# WHAT TO WORK ON:
Retype exactly what appears below from the line containing "AX-SIP-SFEU-API-1-01-TX30 - onsemi" down to the line containing "가격을 결정하는 요소", keeping both end lines. Do not include pictures.

# AVAILABLE DATA:
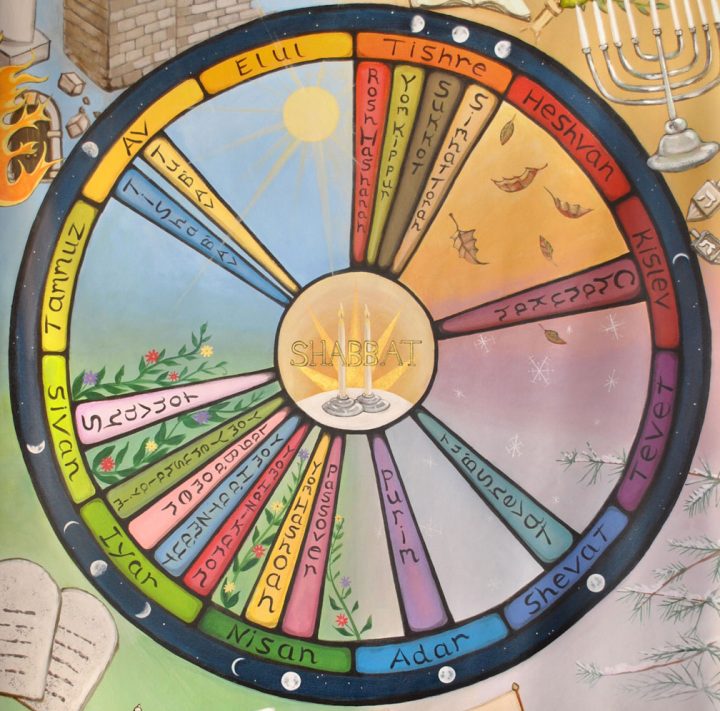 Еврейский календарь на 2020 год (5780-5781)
--
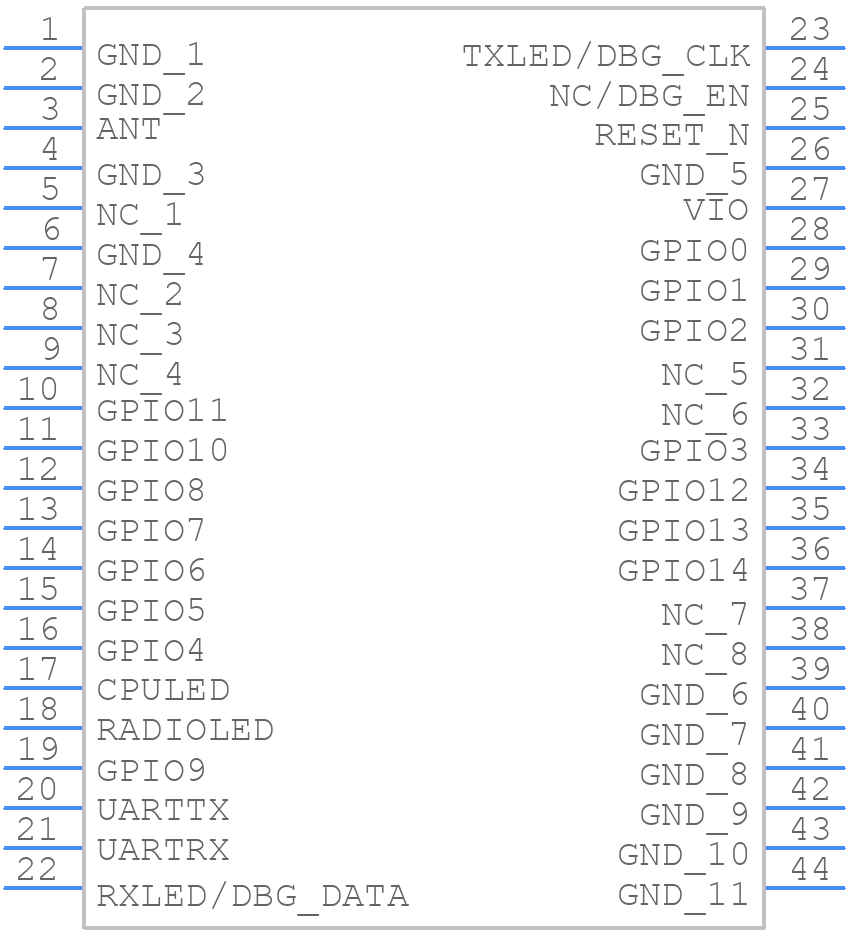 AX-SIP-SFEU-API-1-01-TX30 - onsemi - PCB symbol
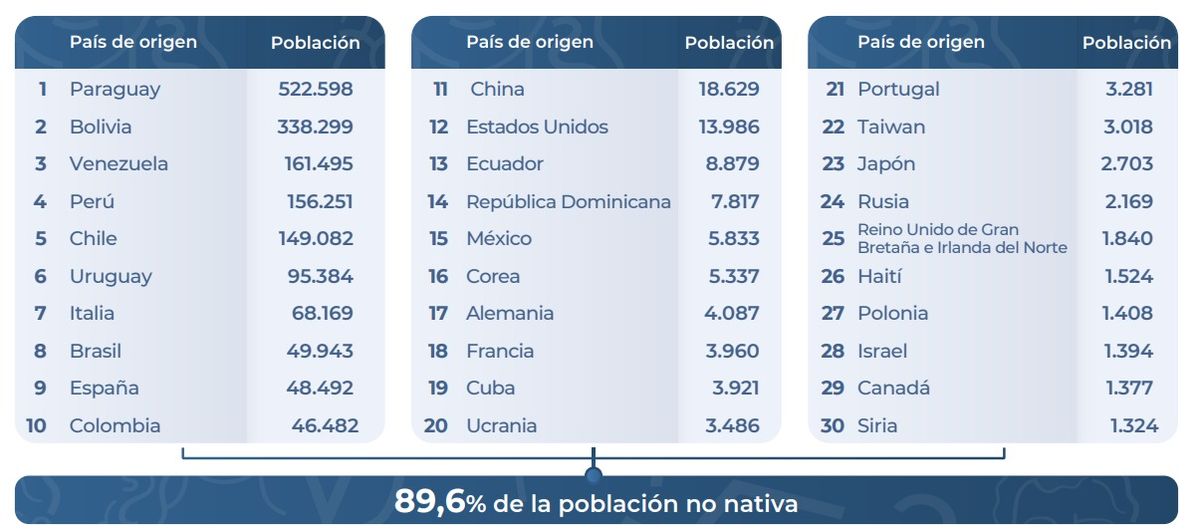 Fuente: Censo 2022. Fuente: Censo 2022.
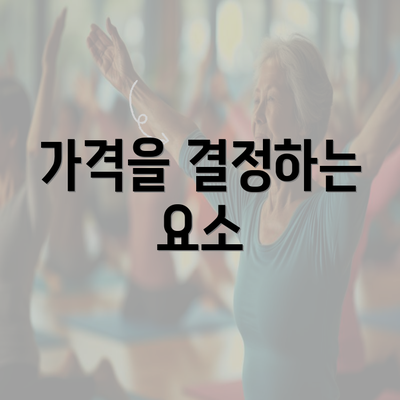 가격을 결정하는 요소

# REPLY:
 AX-SIP-SFEU-API-1-01-TX30 - onsemi - PCB symbol
 Fuente: Censo 2022. Fuente: Censo 2022.
 가격을 결정하는 요소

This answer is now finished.